È un vero peccato che un album come "Get Lifted" di John Legend sia passato dalle nostre parti un po' in sordina, nonostante un singolo d'impatto come "Ordinary People" (molto meglio, però, la versione piano e voce che quella remix); un ulteriore segno di come, in ambito pop, il peggio abbia ormai preso decisamente il sopravvento.
John buon pianista d'impostazione classica, qualcuno forse lo ricorderà giovanissimo nel brano "Everything Is Everything" di Lauryn Hill, compositore anche per nomi di grido come Alicia Keys e Kenye West, suo mentore, è, per me, una delle speranze più concrete di una "rebirth" del Soul, lontana da improbabili e anacronistiche restaurazioni, ma anche capace di ritrovare dei chiari punti di riferimento e di rapportarsi con personalità e rispetto alle "roots". Pur non disdegnando melodie orecchiabili e accattivanti, basi ritmiche spinte simil-rap, sarebbe sbagliato confonderlo con la maggior parte delle nuove proposte dell'R&B, talmente simili da parere quasi indistinguibili. John, nonostante la giovane età, dimostra di sapersi destreggiare a meraviglia tra i "mostri sacri" della Black, guardando in particolare a Marvin Gaye e Stevie Wonder come a modelli di riferimento.

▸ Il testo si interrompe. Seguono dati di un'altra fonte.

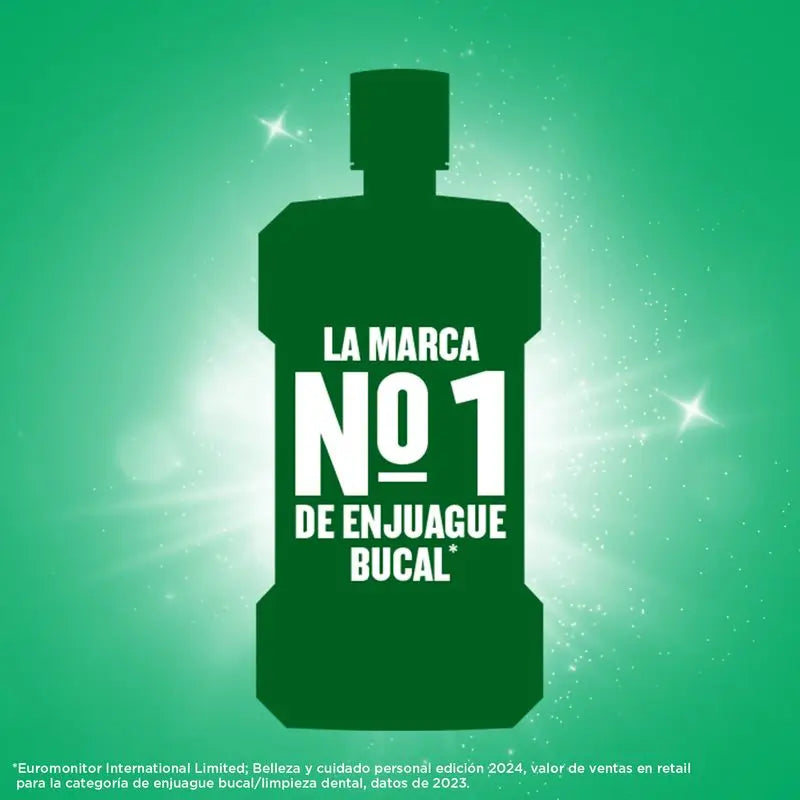 Listerine Elixir Bucal Proteção dos Dentes e Gengivas Menta Suave Sem Álcool 500 ml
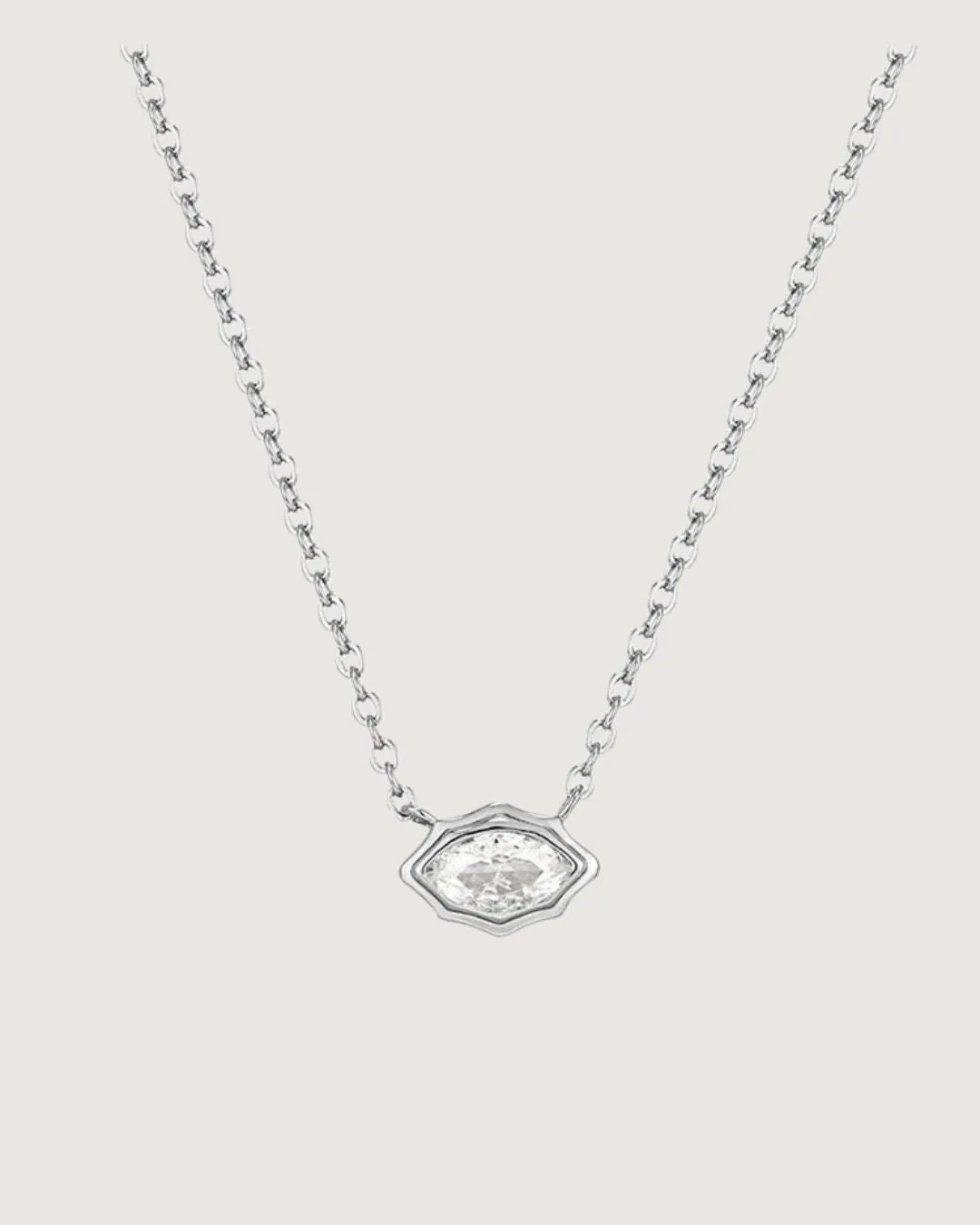CHAKRA DIAMOND NECKLACE SILVER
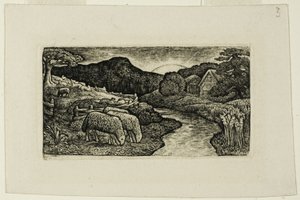 Bu Çayırın Koyunları by Edward Calvert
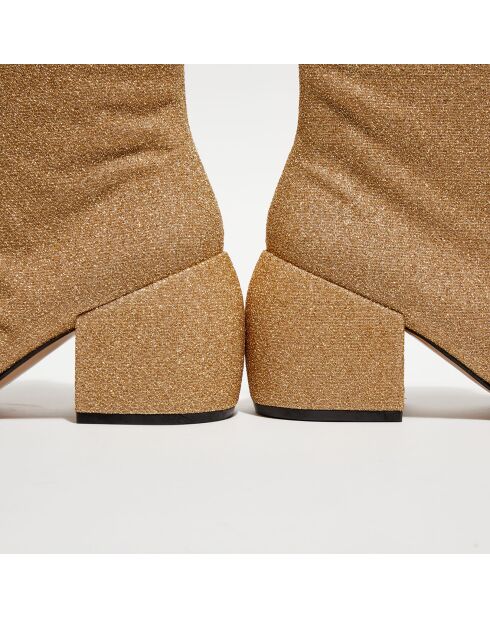 Bottines Aria dorées - Talon 7,5 cm
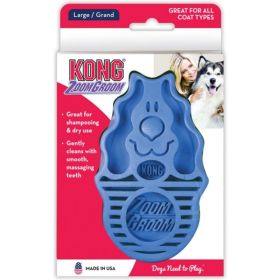 KONG Zoom Groom Dog Brush - Boysenberry - Large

Il brano d'apertura "Let's Get Litfed" mette subito le carte in tavola: bassi che "pompano" discretamente su una classica e ben congegnata soul-song, cori alla old Motown compresi, un riuscito connubio tra tradizione e modernità. Tutti gli episodi dell'album si orientano in questo senso, riuscendo quasi sempre nell'operazione, indicando ai "fratelli" quella che a lui pare la retta via: rap sì, ma a piccole dosi, innestandolo sull'aurea tradizione soul-gospel-R&B. Quando si hanno obiettivi così alti, oltre ad nome d'arte che suona alquanto impegnativo, i mezzi non possono, non devono, difettare; e a John non mancano le doti sia di compositore e strumentista che di arrangiatore, olte che di brillante performer, con un timbro vocale che "inchioda". In "Used To Love", "Alright" e "I Can Change", duetto con Snoop Dog, vi è forse qualche concessione di troppo al mercato, alle mode del momento, senza mai però scadere nel dozzinale. Ma già con "She Don't Have To Know" siamo vicini all'eccellenza del genere. "Number One", "Stay With You", "I Don't Have The Change", in quest'ultimo accompagnato dalla sua famiglia al completo, dimostrano che insieme all'ascolto dei classici vecchi e nuovi, il bambino prodigio deve aver dedicato non poco del suo tempo ad accompagnare i cori gospel nella chiesa battista della natia Springfield.
Un sana religiosità, un certo afflato mistico, circolano comunque in tutto il lavoro e risultano non di maniera, ma sinceri e sentiti. "Refuge", pezzo alla Lauryn Hill, la prima a credere in lui, e "So High", ballad di classe superiore, sono ulteriori argomenti a favore del nostro.
L'implicito messaggio di John Stephens, in arte Legend, è chiaro e noi siamo felici di accoglierlo: scacciare i "mercanti" della Black dal "tempio". Non ci vogliono solo addominali alla Tyson, con contorno di generosi glutei shakeranti, per essere un artista.